Lady Ban Holding a Round Fan (班姬團扇圖)
Tang Yin (唐寅,1470-1524), Ming Dynasty (1368-1644)
Hanging scroll, ink and color on paper, 150.4 x 63.6 cm, National Palace Museum, Taipei
Beneath windmill palms stands a lady holding a silk fan with only hollyhock in the foreground to suggest the chill of autumn. But if it is already a cool autumn day, why does she still need a fan? The painter has used the fan as a metaphor. Taking the “Song of Regret (怨歌行)” by Lady Ban (ca. 48-6 BC), her last lines personifying a fan read, “I often fear when the autumn season comes; The cool breeze drives out the heat of summer. I will be discarded in a box; The affection for me having long since been forgotten. (常恐秋節至,涼飆奪炎熱,棄捐篋笥中,恩情中道絕。)” Tang Yin uses the story of how Lady Ban lost the emperor’s favor (becoming as useless as a fan in autumn) to express his own frustration in life.
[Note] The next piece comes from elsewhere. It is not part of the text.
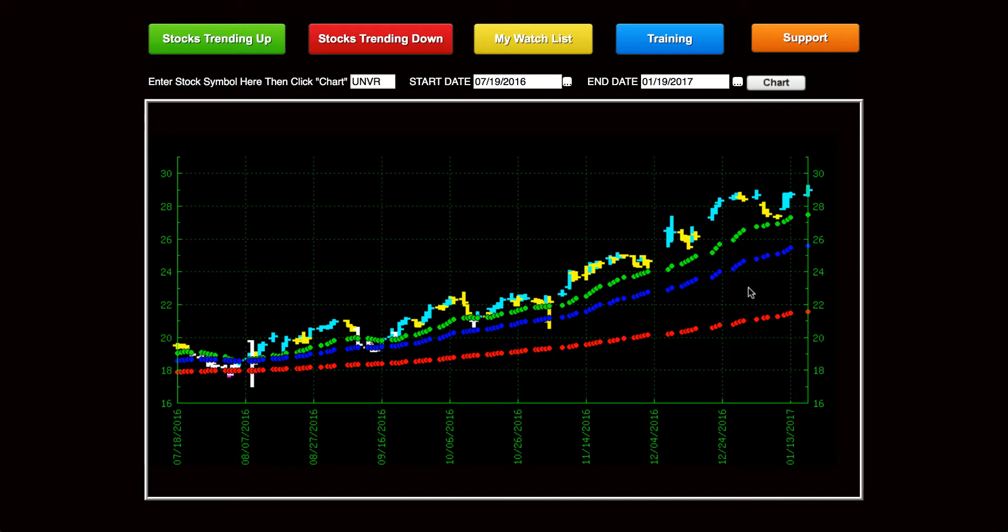So it shows you if the stock is above all three trend points, it's bullish. If it's trapped in the middle, it's chaotic. And if it's below, it's bearish. But you can use this tool for stocks, options, or a combination of both.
The drapery lines of the figure are rendered with lively brushwork, the technique already quite sophisticated, making this one of Tang Yin’s classic surviving figure paintings. Wen Zhengming’s inscription at the upper right is signed “Zhengming,” a name he started using around the age of 42. Wen and Tang were born in the same year, so Tang probably did this painting sometime after the age of 42.